__EXERCISE BRIEF__: Only the lines below between the ones containing "Armani Exchange Men's" and "New York Knicks", inclusive, are to be reproduced, each exactly as it stands.

[Collected data entries]
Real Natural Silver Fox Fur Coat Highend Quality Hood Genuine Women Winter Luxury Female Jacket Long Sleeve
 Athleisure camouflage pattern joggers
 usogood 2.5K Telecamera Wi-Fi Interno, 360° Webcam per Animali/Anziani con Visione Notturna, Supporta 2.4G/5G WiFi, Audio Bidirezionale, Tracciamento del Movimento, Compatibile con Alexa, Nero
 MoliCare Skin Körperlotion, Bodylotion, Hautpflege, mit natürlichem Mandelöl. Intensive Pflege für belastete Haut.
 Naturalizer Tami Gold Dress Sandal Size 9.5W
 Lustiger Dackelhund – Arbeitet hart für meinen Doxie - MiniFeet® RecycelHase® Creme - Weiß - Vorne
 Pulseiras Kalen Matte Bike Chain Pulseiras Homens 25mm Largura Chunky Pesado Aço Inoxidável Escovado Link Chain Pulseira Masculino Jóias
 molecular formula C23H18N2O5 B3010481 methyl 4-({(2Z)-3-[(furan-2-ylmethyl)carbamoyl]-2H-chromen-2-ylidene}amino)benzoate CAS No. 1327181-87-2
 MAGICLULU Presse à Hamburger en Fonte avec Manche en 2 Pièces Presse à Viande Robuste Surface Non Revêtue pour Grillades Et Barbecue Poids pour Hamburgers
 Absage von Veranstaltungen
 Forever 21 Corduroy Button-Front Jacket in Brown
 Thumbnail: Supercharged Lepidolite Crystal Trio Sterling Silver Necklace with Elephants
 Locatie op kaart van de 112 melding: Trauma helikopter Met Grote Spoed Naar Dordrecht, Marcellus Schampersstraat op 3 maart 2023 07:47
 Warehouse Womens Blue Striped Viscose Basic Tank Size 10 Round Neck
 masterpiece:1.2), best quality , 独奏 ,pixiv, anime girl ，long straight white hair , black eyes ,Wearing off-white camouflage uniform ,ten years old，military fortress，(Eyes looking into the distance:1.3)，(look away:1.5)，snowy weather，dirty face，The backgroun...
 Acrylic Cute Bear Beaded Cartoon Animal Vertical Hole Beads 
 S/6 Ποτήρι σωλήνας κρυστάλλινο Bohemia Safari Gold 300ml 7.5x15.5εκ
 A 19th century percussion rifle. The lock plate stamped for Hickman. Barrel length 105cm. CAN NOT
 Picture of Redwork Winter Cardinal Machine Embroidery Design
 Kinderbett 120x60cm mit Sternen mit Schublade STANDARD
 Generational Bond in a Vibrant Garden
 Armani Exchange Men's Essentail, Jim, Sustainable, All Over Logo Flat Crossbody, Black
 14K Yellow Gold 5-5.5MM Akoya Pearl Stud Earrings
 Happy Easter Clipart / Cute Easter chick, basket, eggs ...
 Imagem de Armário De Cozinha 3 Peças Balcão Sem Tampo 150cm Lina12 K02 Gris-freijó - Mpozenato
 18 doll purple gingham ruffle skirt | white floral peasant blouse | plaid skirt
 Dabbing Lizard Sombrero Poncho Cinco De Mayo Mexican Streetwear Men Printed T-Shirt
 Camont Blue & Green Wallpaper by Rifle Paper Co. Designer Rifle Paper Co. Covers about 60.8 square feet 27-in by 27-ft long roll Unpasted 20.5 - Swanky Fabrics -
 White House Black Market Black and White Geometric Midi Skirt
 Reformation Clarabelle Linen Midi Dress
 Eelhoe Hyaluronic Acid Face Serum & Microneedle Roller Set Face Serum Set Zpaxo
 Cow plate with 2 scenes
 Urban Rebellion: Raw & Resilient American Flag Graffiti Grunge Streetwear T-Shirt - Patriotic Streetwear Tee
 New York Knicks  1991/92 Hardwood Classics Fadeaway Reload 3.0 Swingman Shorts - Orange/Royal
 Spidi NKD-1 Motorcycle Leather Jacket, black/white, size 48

__SOLUTION TO THE PROBLEM__:
 Armani Exchange Men's Essentail, Jim, Sustainable, All Over Logo Flat Crossbody, Black
 14K Yellow Gold 5-5.5MM Akoya Pearl Stud Earrings
 Happy Easter Clipart / Cute Easter chick, basket, eggs ...
 Imagem de Armário De Cozinha 3 Peças Balcão Sem Tampo 150cm Lina12 K02 Gris-freijó - Mpozenato
 18 doll purple gingham ruffle skirt | white floral peasant blouse | plaid skirt
 Dabbing Lizard Sombrero Poncho Cinco De Mayo Mexican Streetwear Men Printed T-Shirt
 Camont Blue & Green Wallpaper by Rifle Paper Co. Designer Rifle Paper Co. Covers about 60.8 square feet 27-in by 27-ft long roll Unpasted 20.5 - Swanky Fabrics -
 White House Black Market Black and White Geometric Midi Skirt
 Reformation Clarabelle Linen Midi Dress
 Eelhoe Hyaluronic Acid Face Serum & Microneedle Roller Set Face Serum Set Zpaxo
 Cow plate with 2 scenes
 Urban Rebellion: Raw & Resilient American Flag Graffiti Grunge Streetwear T-Shirt - Patriotic Streetwear Tee
 New York Knicks  1991/92 Hardwood Classics Fadeaway Reload 3.0 Swingman Shorts - Orange/Royal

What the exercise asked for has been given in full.